___ Data segment

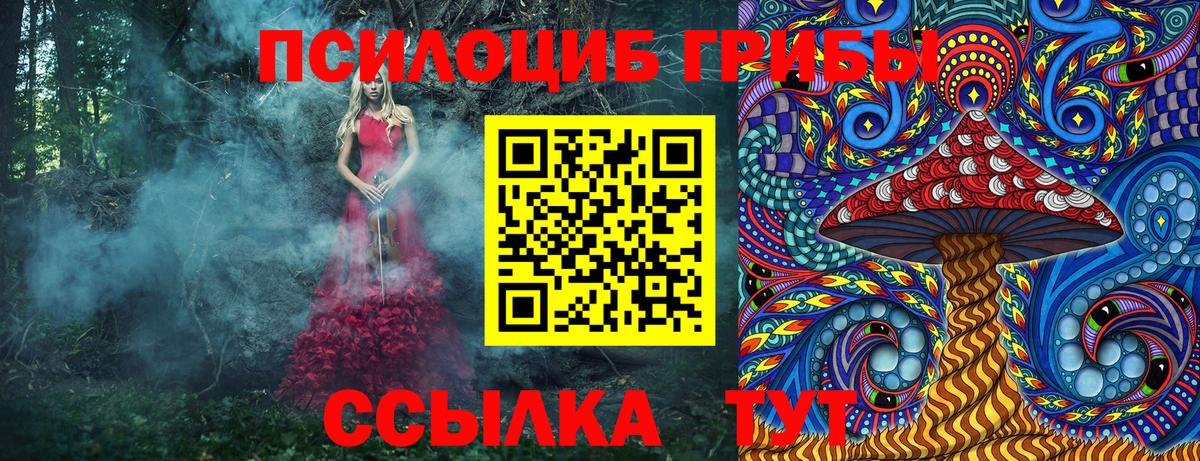 Ступино  Галлюциногенные грибы Psilocybine cubensis  Псилоцибиновые грибы мицелий  цены наркотик  Вход с VPN 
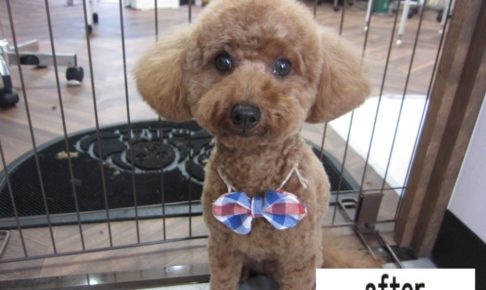 おすましトイプードル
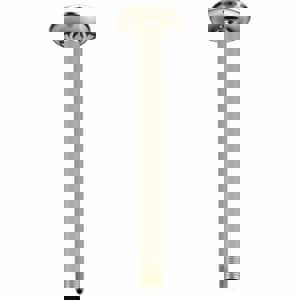 10 CEIL MNT SHWR ARM *TOTESC BN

______

[Your instructions] Every line of the data above should be quoted exactly. Omit the pictures.

[Response]
 Ступино  Галлюциногенные грибы Psilocybine cubensis  Псилоцибиновые грибы мицелий  цены наркотик  Вход с VPN 
 おすましトイプードル
 10 CEIL MNT SHWR ARM *TOTESC BN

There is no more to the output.